Avocat : CABINET D'AVOCATS SEBAN NOUVELLE AQUITAINE

6 mai 2025• 6ème Chambre
TA35Ordonnance• Excès de pouvoir

Tribunal Administratif de Rennes — N° TA35-2302731

Le Tribunal Administratif de Rennes a été saisi par la SARL Ouest Intérieur 35 - 44 d’un recours en excès de pouvoir contre le refus de la Chambre des Métiers et de l’Artisanat de Bretagne de l’immatriculer au répertoire des métiers. En application de l’article R. 612-5-1 du code de justice administrative, le tribunal a invité la société à confirmer le maintien de sa requête, mais celle-ci n’a pas répondu dans le délai imparti. Par ordonnance du 6 mai 2025, le tribunal a constaté le désistement d’instance de la société requérante. En outre, la SARL Ouest Intérieur 35 - 44 a été condamnée à verser 1 000 euros à la Chambre des Métiers et de l’Artisanat de Bretagne au titre des frais de justice (article L. 761-1 du code de justice administrative).
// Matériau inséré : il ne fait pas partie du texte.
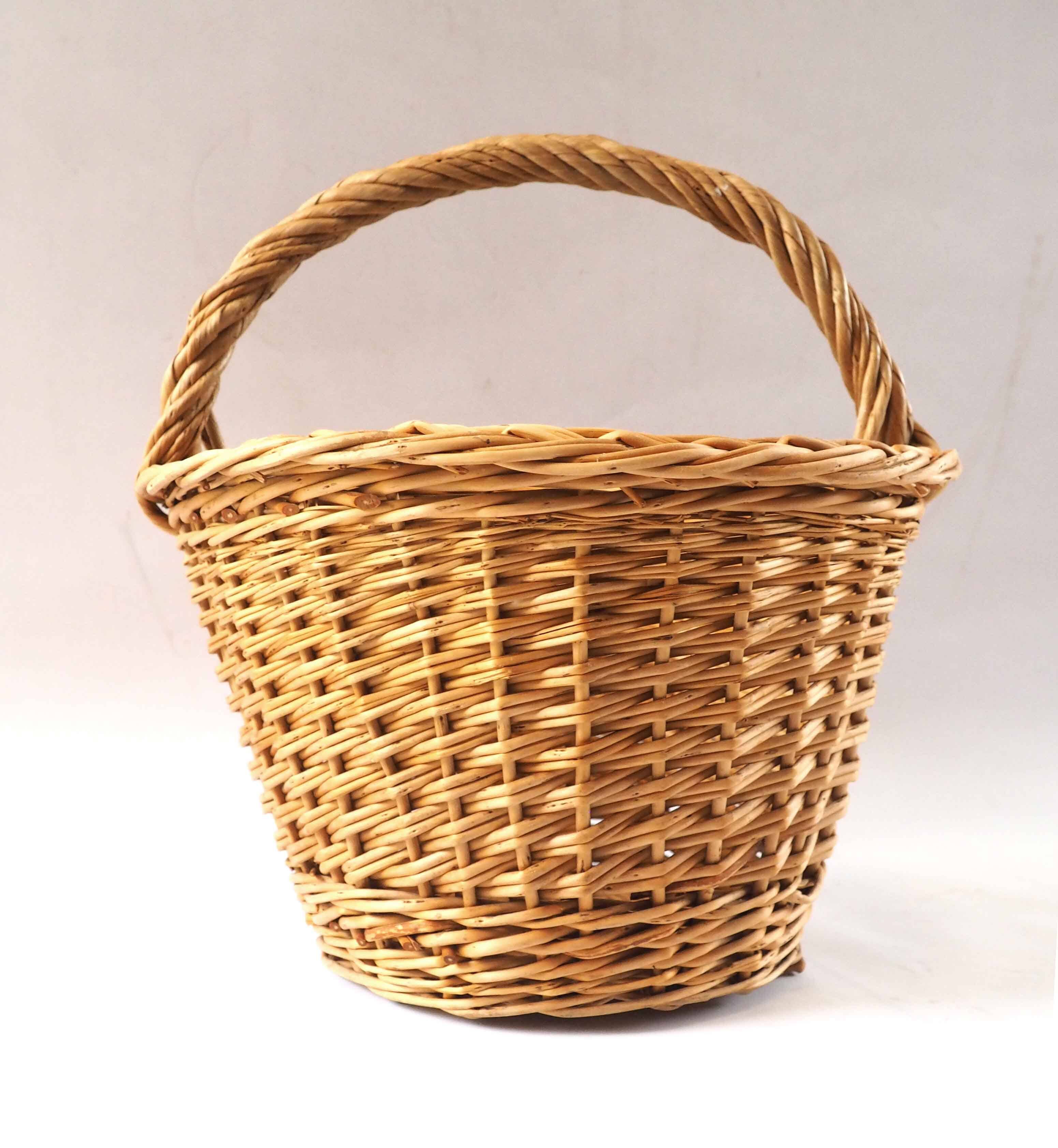 Panier rotin clair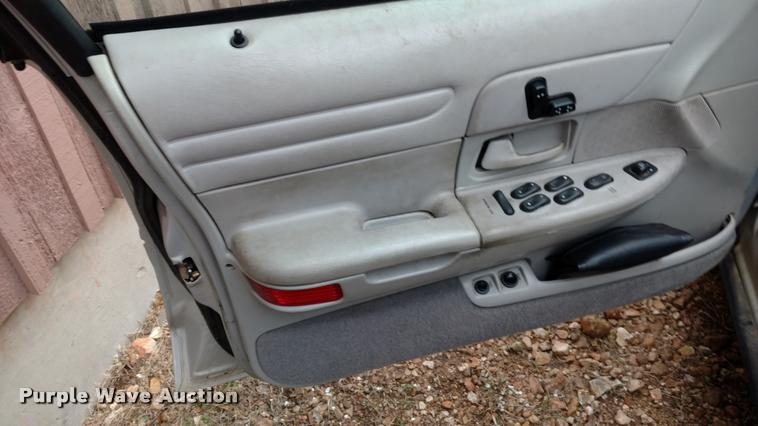 image for item DA5534 2001 Ford Crown Victoria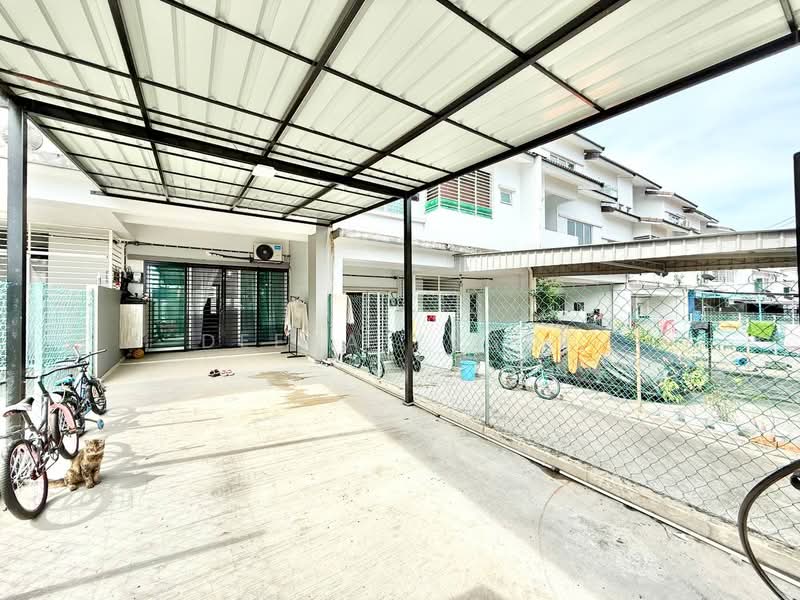 Rumah Bandar untuk Dijual di Taman Kantan Permai (Kajang) - Deeya Yusof - PropertyGuru.com.my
Avocat : SOCIETE DAVOCATS SEBAN ARMORIQUE

6 mai 2025
TA35Ordonnance• Excès de pouvoir

Tribunal Administratif de Rennes — N° TA35-2302601

Le Tribunal Administratif de Rennes a été saisi par la SARL Ouest Intérieur 72 d’un recours en excès de pouvoir contre le refus de la Chambre des Métiers et de l’Artisanat de Bretagne de l’immatriculer au répertoire des métiers. La chambre a soutenu qu’il n’y avait plus lieu de statuer, la société ayant finalement produit les pièces manquantes en décembre 2024. Le tribunal a invité la requérante à confirmer le maintien de sa requête, mais celle-ci n’a pas répondu dans le délai d’un mois. En application des articles R. 612-5-1 et R. 222-1 du code de justice administrative, la société est réputée s’être désistée, et il est donné acte de ce désistement. La SARL Ouest Intérieur 72 est condamnée à verser 1 000 euros à la chambre au titre de l’article L. 761-1 du même code.